Give back, exactly as written, the lines of the listing from the top through the line holding "Volkswagen Passat 2.0", and nothing more. Exclude pictures.

--- Source data ---

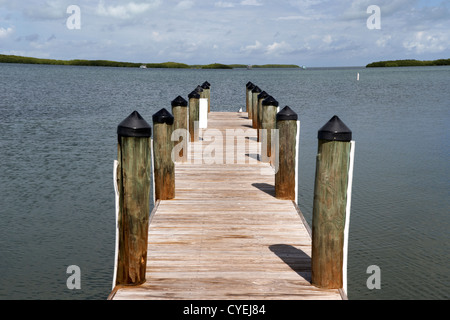 Petite jetée en bois vides à Islamorada florida keys usa Banque D'Images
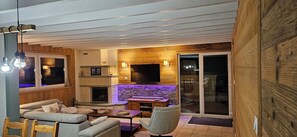 Smart TV, fireplace, stereo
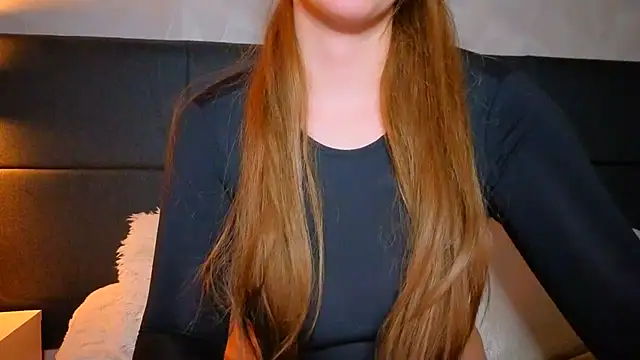 Snapshot of Sweetninaaa chatting on August 1, 2026, 5:34 pm Sweetninaaa online show from August 1, 2026, 5:34 pm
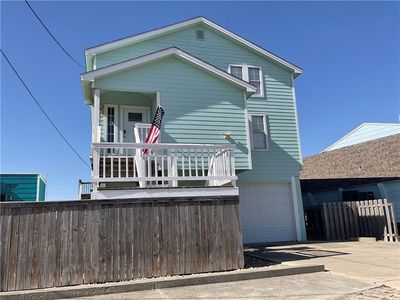 1012 Bayshore Dr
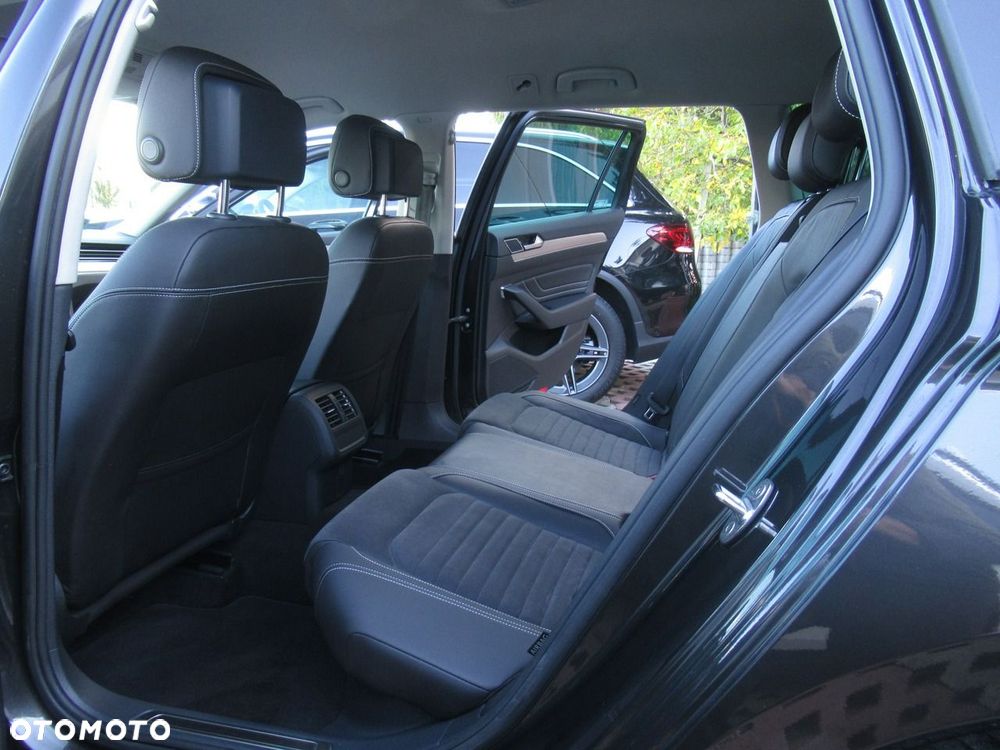 Volkswagen Passat 2.0 TDI EVO Elegance DSG - 7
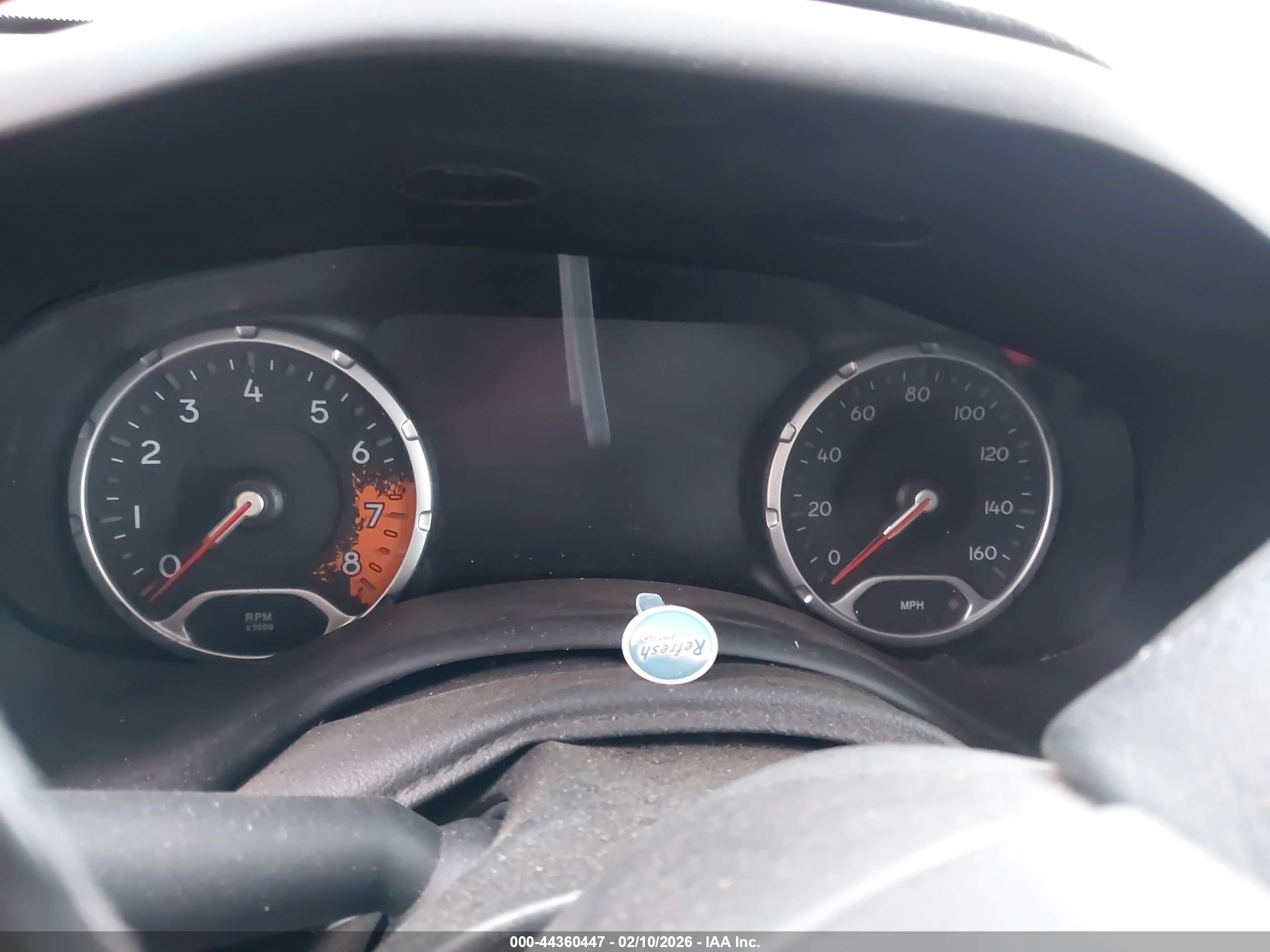 JEEP RENEGADE image 7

---

◆ Answer to this task
 Petite jetée en bois vides à Islamorada florida keys usa Banque D'Images
 Smart TV, fireplace, stereo
 Snapshot of Sweetninaaa chatting on August 1, 2026, 5:34 pm Sweetninaaa online show from August 1, 2026, 5:34 pm
 1012 Bayshore Dr
 Volkswagen Passat 2.0 TDI EVO Elegance DSG - 7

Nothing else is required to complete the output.